I never really thought about how much I like and admire him, never thought about liking and admiration as quantifiable entities. Rather I just appreciated the guy, kind of open endedly. 

That was until yesterday, when I read a piece in The New York Times about his new "house" near Tampa, Florida. You flew over it on the way to this paragraph.

Here are some stats on it:


"The 30,875-square-foot mansion, which overlooks Hillsborough Bay, features seven bedrooms, nine bathrooms, a pool, two boat lifts, a drive-through portico and a pair of three-car garages flanking the north and south ends of the property."


By comparison, my mansion is 900 square feet. I can fit 34 of my mansions in Derek's. With room to spare, actually.


(As an aside, I think he made a mistake with only seven bedrooms. He should have made it an even ten, so that he can have the whole starting line-up, including the DH, over for smores and slumber parties. But then, that would actually not likely happen, as Jeter is known for his sense of privacy.)


So why do I now realize admiration is quantifiable and that I admire Derek less today than yesterday? Because Jeter, with this house, shows that he is just as clueless what to do with his wealth as almost every other gazillionaire in the world. I mean, here is a truly humble guy, from solid middle-class stock, who because of his prodigious athleticism makes extreme money -- more than 99.9% of Americans, way more -- and yet this house of his indicates that he really has no good idea what to do with that money. Here, he had a real opportunity to make an outstanding play on the world's diamond. 


Meaning, that in a global culture that believes unquestionably that money is its own good and the more the better, Jeter could have proved he's not just another rich guy following the rich guys flock, sheepishly amassing wealth beyond anybody's ability, including his own, to make sense of it, and to rationalize it.  

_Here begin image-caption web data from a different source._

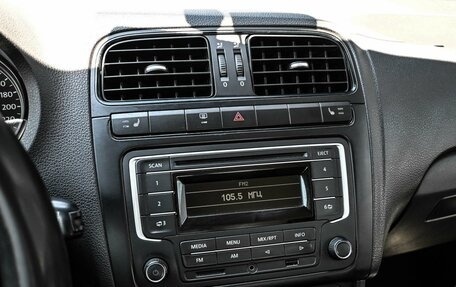 Volkswagen Polo VI (EU Market), 2011 год, 600 000 рублей, 17 фотография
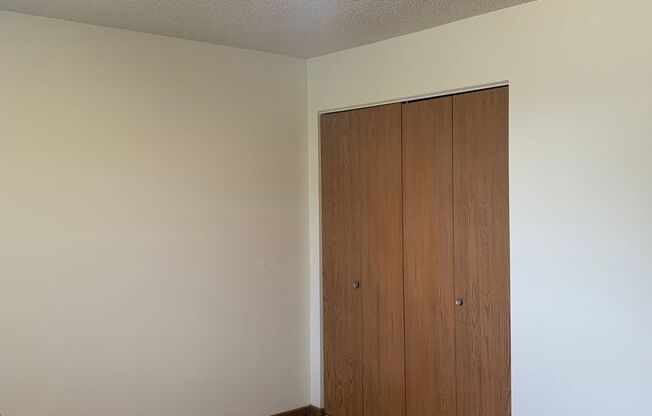 2 beds, 1 bath, $875, Unit A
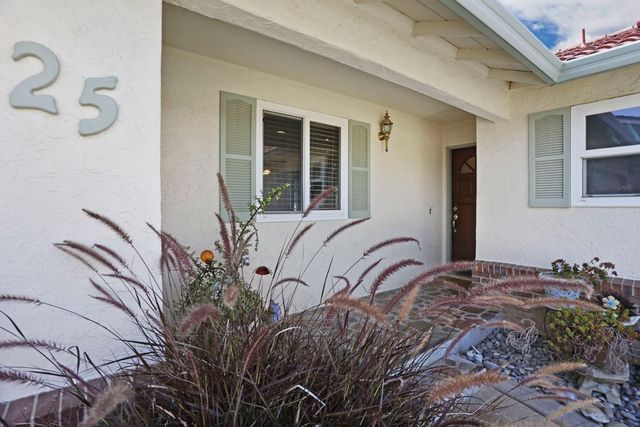 25 Wellington Way, Lodi, CA 95242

But he didn't break away from the flock. Instead he built an edifice to pointless wealth, the biggest, most pointless edifice in all the land. And in so doing he dropped the ball.

The Times article didn't mention the price tag of Jeter's cottage, but it did cite the homes of two teammates. Relief phenomenon Mariano Rivera's 9,250 sq. ft listed at $8.99 million (his other, smaller house, was given no price); catcher Jorge Posada's 9,788 sq. feet are are going at the fire sale price of $6.495 million.


So let's do some math. Rivera's house averages out to $972 per square foot; Posada's, $664. Assuming that Jeter decided to spend a dime and do it right, as apparently Rivera did, Derek's house at $972 per sq. ft carries a $30 million plus price tag. If he decided to pinch pennies, as apparently Posada did, the house will have only cost him $20.5 million. 


Twenty mil, thirty mil -- what the dif? Last year, as he had in the previous nine years, Jeter made $18.9 million -- that's just for playing shortstop. It doesn't include endorsements, estimated at another $9 mil annually. So, Derek had to play somewhere between 175 and 245 games to pay off his house (not including playoff games, of course -- he is a Yankee, after all), between a little more than a season and a season and a half. It's pretty safe to say that he's not going to be sweating the mortgage payments. He's already swatted through them.

But again, for what? Seven toilets that for the most part will go unflushed? Think of the number of toilets $20 or $30 million could provide where they're actually needed. Or the thousands of classrooms that could have been built instead of that single house. How much does a hospital go for these days? Think of the living, breathing good those millions could be doing, instead of the inert, extravagant meaninglessness in which they now lay frozen under the Florida sun.


Sure, Jeter gives to charity, even has a foundation all his own. And so, he is a good guy. But in opting for that house, when one so much simpler would have done equally well,  and then to have publicly turned the difference into projects, domestic, international (Hungary has a shortage of textbooks), he could have catapulted his own legend to a whole new level, perhaps setting a path for others to follow. Forsaking a palace, he would have built a kingdom.


Maybe next year he'll play to his potential.